Sibling cards merchants should reference together
| Card | Why pair it with Abandoned Findings | What the combination tells you |
|---|---|---|
| VortexIQ Findings Open | Abandoned is a subset of open. | Abandoned ÷ Open above 25% on a Linear team is a louder signal than the same ratio elsewhere; the platform usually self-corrects. |
| Finding Resolution Rate (90d) | Resolution rate drops first, abandoned rises second. | Resolution falling for two cycles then abandoned spiking is the textbook capacity-collapse sequence on Linear. |
| Avg Time-to-Fix (days) | Distinguishes “slow but moving” from “abandoned”. | Time-to-fix rising AND abandoned rising = team is starting then stalling, not refusing the work. |
| Tickets by Assignee | Whether abandonment concentrates on one engineer. | A single engineer with several stale items is the leave/holiday/incident pattern. |
| Cycle Progress | Whether stale issues sit inside a cycle or float in backlog. | Stale issues outside any cycle are the most common abandoned shape on Linear. |
| Cycle Velocity (avg) | Capacity ceiling. | Abandoned rising while velocity holds = audit work being deprioritised against feature work. |
| Scope Added Mid-Cycle | Mid-cycle scope additions push audit work to the back. | High scope creep + rising abandoned = team is reactive, not proactive. |
Reconciling against the vendor’s own dashboard
Where to look in Linear’s own UI:linear.app then for each connected team open Issues. Apply filters:For multi-team visibility, the Workspace → Issues view (Enterprise plan) lets you apply the same filter across all teams. Why our number may legitimately differ from a saved Linear filter:Label is "vortex-iq-finding",State is not Completed and not Cancelled,Updated is more than 14 days ago. Save the view as Stale Findings withcmd+s. Linear’s filter for “Updated” is named-relative-time aware, so the filter automatically rolls forward as time passes.
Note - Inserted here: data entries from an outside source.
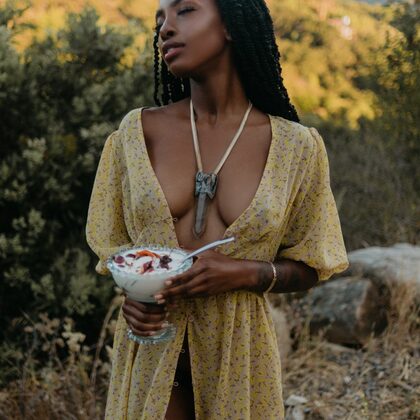 Sarissle 001 01-sarissle-hillside-indulgences-by-playboy.jpg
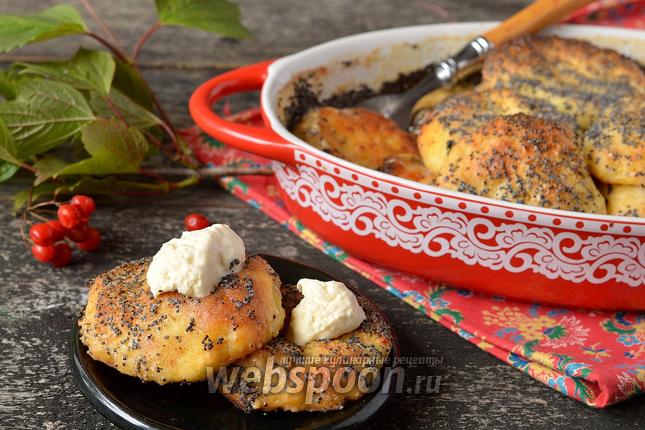 Фото Сырники из духовки в сметанно-маковой заливке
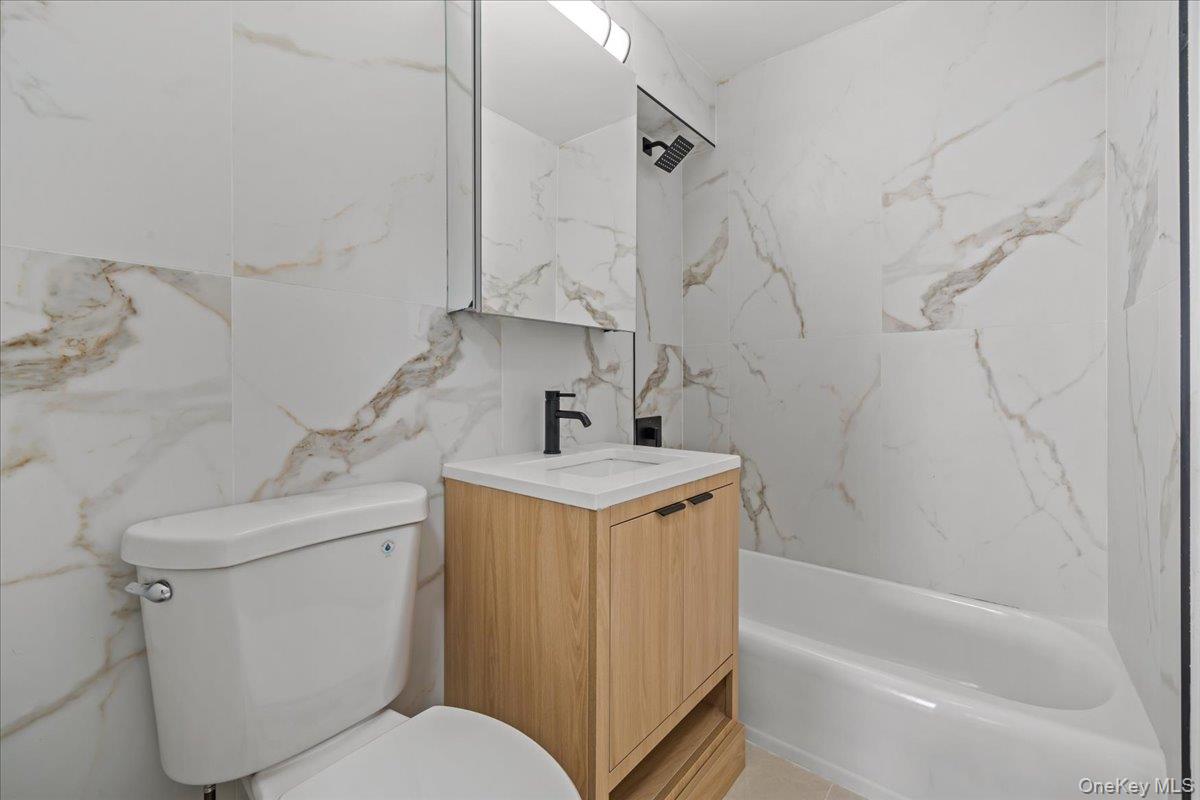 5800 Arlington Avenue, Unit 11T photo 13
| Reason | Direction | Why |
|---|---|---|
| Time zone | Boundary day off | Linear’s UI uses your account-profile timezone for “more than 14 days ago”; we apply the cutoff in UTC. |
| State-type interpretation | Same in most cases | Both we and the saved filter exclude completed and canceled. |
| Auto-archive | Same | Linear’s auto-archive of completed issues kicks in well after the 14-day window, so it does not affect this card. |
| Label spelling | Ours scoped | We read the label vortex-iq-finding exactly. |
| Multi-team aggregation | Ours wider | Linear’s Issues view scopes to one team by default; we sum. |
| Webhook delay | Ours up to 5s stale | Linear’s webhooks are very fast. |
| Card | Expected relationship | What causes the divergence |
|---|---|---|
datadog.dd_incidents_active | Often correlated. A Datadog incident burst pulls the engineering team off audit work; Linear abandoned-rate climbs 1-2 weeks later. | A Datadog incident closed without a Linear follow-up issue may indicate the underlying cause is unaddressed. |
newrelic.nr_open_incidents | Same shape. | Same reasoning. |
Known limitations / merchant FAQs
Linear shows my issue was edited yesterday but you say it’s abandoned. What’s wrong? Almost always the timezone or webhook delay. Linear’s UI shows “edited yesterday” in your account-profile timezone; our 14-day cutoff is UTC. For a boundary-day issue, the calendar day differs. Refresh in 30 seconds; the gap is very rare on Linear because webhooks are fast. What counts as movement? Any of: state change, assignee change, priority change, estimate change, label change, cycle assignment change, comment posted, description edit, title edit. Linear bumpsupdatedAt on each. What does NOT count: viewing the issue, watching/unwatching, time-tracking entries.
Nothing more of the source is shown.